Job Market Paper
Job Preferences, Labor Market Power, and Inequality
This Version: November 2024; Supplemental Materials
I analyze how a firm’s labor market power shapes, and is shaped by, its workforce, and I evaluate the implications for welfare and inequality. Using matched worker-firm panel data from Norway (1995-2018), I develop, identify, and estimate an equilibrium model of the labor market where firms compete with one another for workers who are heterogeneous in both their skills and preferences over wages versus non-wage job amenities. I allow the wage-amenity trade-offs to be correlated with skills, while also varying among equally skilled workers. When a firm adjusts its wages, the composition of its workforce shifts, and these compositional changes, in turn, affect the labor supply curve to the firm. As a result, the firm’s wage-setting power varies based on which types of workers it employs. I find that this variation leads to large allocative inefficiency, with welfare losses from imperfect competition estimated at 9.5% relative to the competitive benchmark.
Working Papers
Discrete Choice with Generalized Social Interactions
Revision Requested at Econometrica; Supplemental Materials
This paper explores how identity influences group behavior through social interactions. I study a discrete choice model where people wish to conform to the actions of some members of their network, while deviating from the actions of others. Under this generalized framework, I explore what aggregate outcomes arise from noncooperative decisionmaking. I characterize the uniqueness and stability of equilibria, and I discuss implications of negative spillovers for welfare and inefficiency. Additionally, I demonstrate how the model may be taken to data. I introduce a novel identification strategy that accounts for unobserved network effects by leveraging within-network variation in individual characteristics. I also construct internal instruments to overcome the issue of measurement error, which is a primary source of endogeneity in network-based models with incomplete information. Finally, I apply this methodology using data from the large-scale education experiment Project STAR, where I find robust evidence of gender differences in peer effects.
Presentations: North American UEA Meeting (2022)
Peer Effects in Linear-in-Means Models with Heterogeneous Interaction Effects
(with Magne Mogstad and Alex Torgovitsky)
We study peer effects in linear-in-means models with heterogeneous interaction effects. The classical linear-in-means model imposes strict homogeneity on the interaction effects, yielding testable implications that can easily be examined in data. We relax these restrictions to allow for both positive and negative interaction effects that vary within and across groups. These extensions make the linear-in-means model suited to study a wide range of economic behaviors in addition to peer effects, including joint labor supply decisions within households and strategic interactions among firms. We analyze what can and cannot be learned from frequently used OLS and IV estimands for linear-in-means models under heterogeneous interaction effects. While these estimands do not lead to point identification, they can still be used to draw inferences about key economic quantities. We apply these results to two economic applications: classroom peer effects in Kenyan primary schools and strategic pricing decisions among cocoa traders in Sierra Leone. In each application, we reject homogenous interaction effects. Yet, we still draw meaningful inferences about endogenous interactions and social multipliers while allowing for heterogeneous interaction effects.
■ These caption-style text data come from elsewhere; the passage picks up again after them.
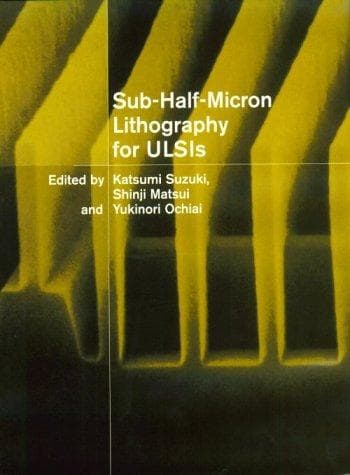 Tapa de Sub-Half-Micron Lithography for ULSIs (Cambridge Studies in Semiconductor Physics & Microelectronic Engineering)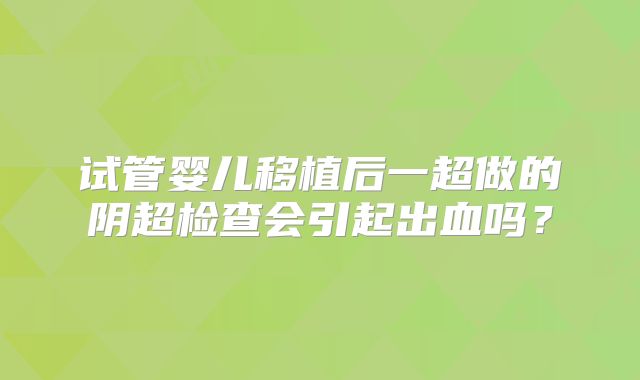 试管婴儿移植后一超做的阴超检查会引起出血吗？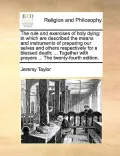 The Rule and Exercises of Holy Dying: In Which Are Described the Means and Instruments of Preparing Our Selves and Others Respectively for a Blessed D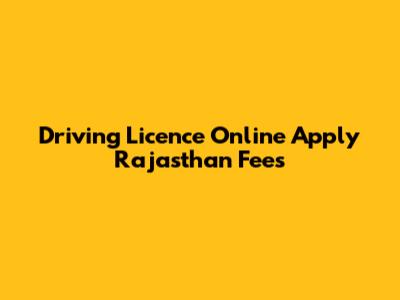 Driving Licence Online Apply Rajasthan Fees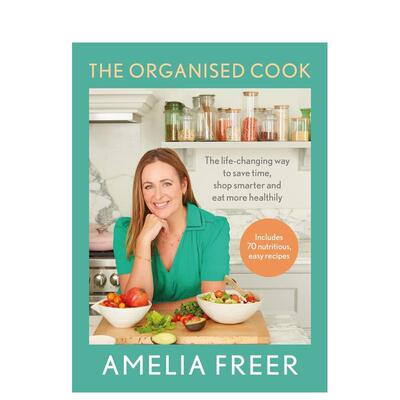 【预售】有条理的厨师改变生活的方法The Organised Cook英文餐饮Amelia Freer精装进口原版书Bonnier Books9781788707077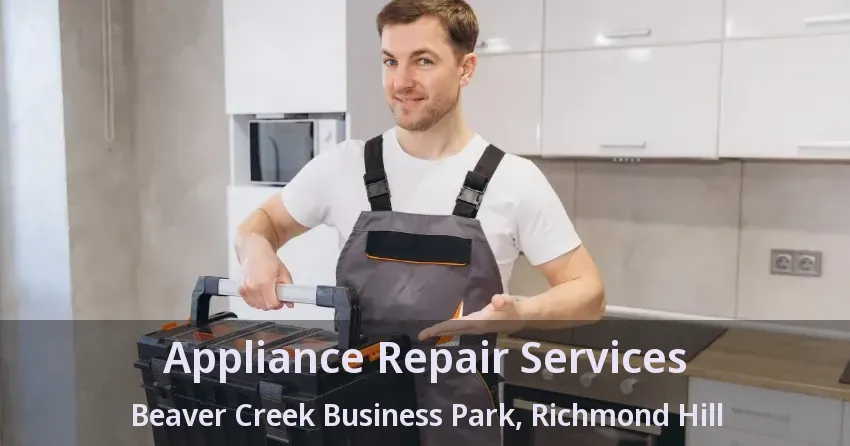 Appliance Repair Services Beaver Creek Business Park, Richmond Hill - ON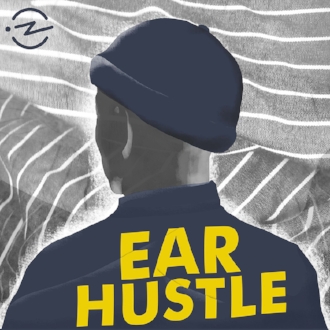 ear hustle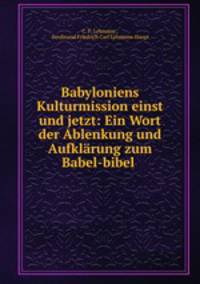 Babyloniens Kulturmission einst und jetzt: Ein Wort der Ablenkung und Aufklarung zum Babel-bibel .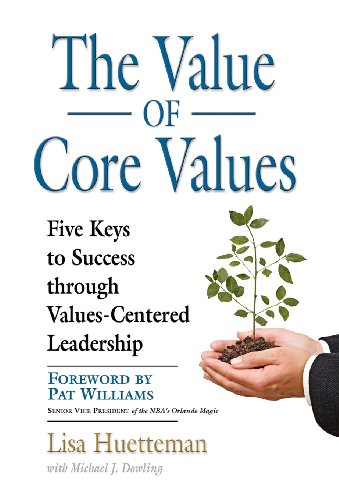 The Value of Core Values: Five Keys to Success Through Values-Centered Leadership - Click to Buy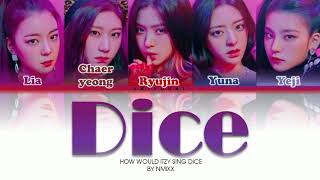How would Itzy sing Dice by NMIXX | Color Codded Lyric _Han/Rom/Eng_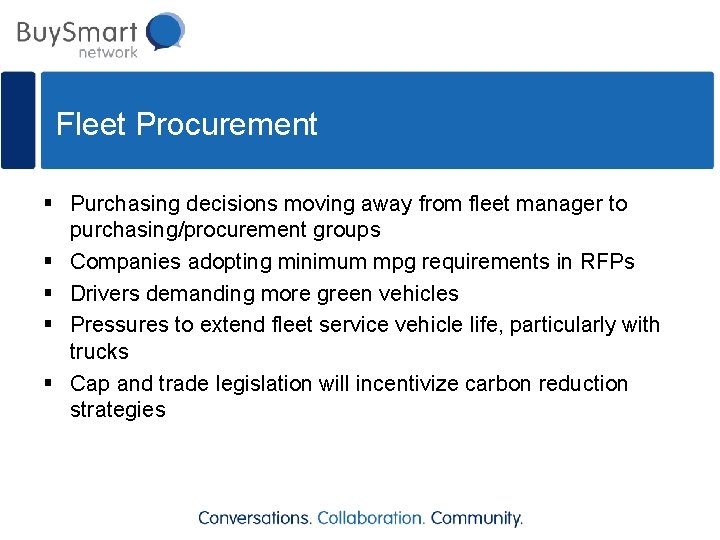 Fleet Procurement § Purchasing decisions moving away from fleet manager to purchasing/procurement groups §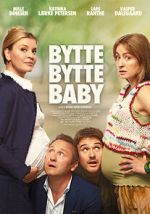 Watch Bytte bytte baby Watch123movies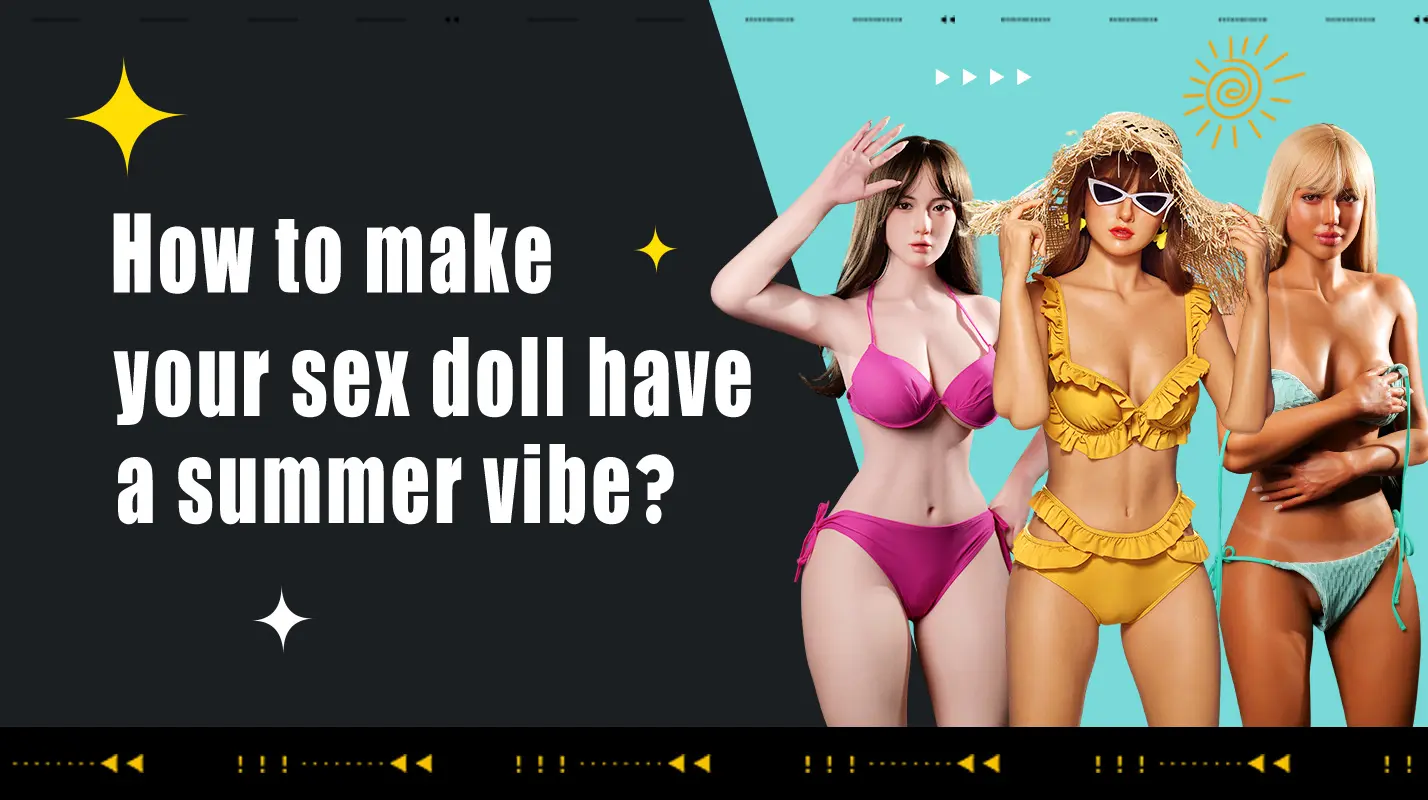 Comment donner à votre poupée sexuelle une ambiance estivale ?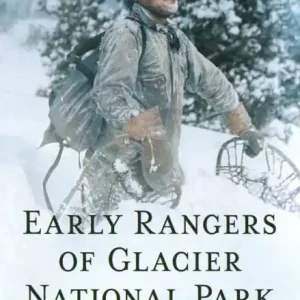 Early Rangers of Glacier National Park Next Day Delivery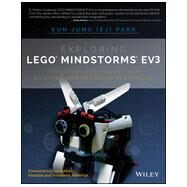 Exploring LEGO Mindstorms EV3 Tools and Techniques for Building and Programming Robots by Park, Eun Jung, 9781118879740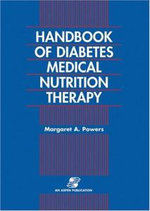 Handbook of Diabetes Medical Nutrition Therapy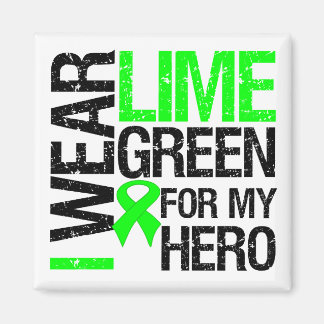 I Bära Lime Green for My Hero - Lymphoma Magnet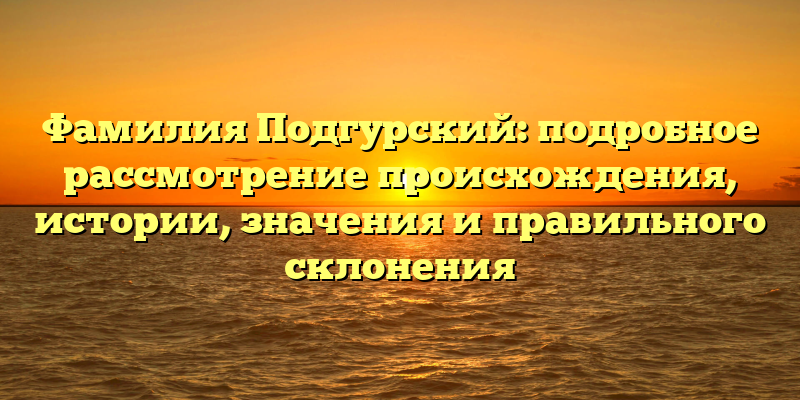 Фамилия Подгурский: подробное рассмотрение происхождения, истории, значения и правильного склонения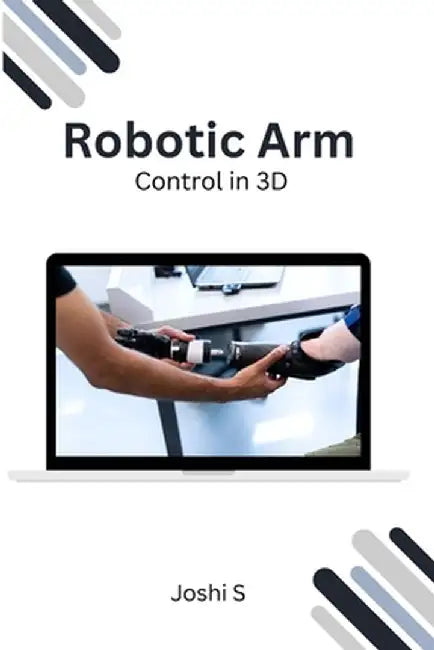 Robotic Arm Control in 3D by Joshi S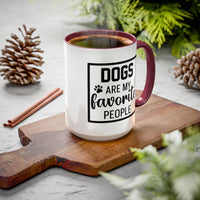 Dogs Are My Favorite People - Mug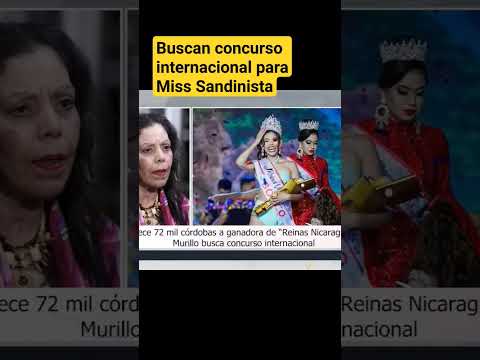Rosario Murillo busca concurso internacional para Reina Nicaragua o Miss Sandinista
Linear Supply and Demand in Heterogeneous Markets
(with L. Henry de Frahan, Ingvil Gaarder, Magne Mogstad, and Alex Torgovitsky)
We modify the classic linear supply and demand system to allow for the coefficients on price to be unobservable random variables that vary across heterogeneous markets. Known conditions for point identification place strong requirements on the available instruments. We show how to construct and estimate bounds on scalar target parameters that are valid for any type of instrument, or even with no instrument at all. Numerical simulations calibrated to a well-known data set show that the model is not point identified. However, the bounds can be remarkably informative even under limited instrument variation. We apply our approach to study the welfare effects of sales tax.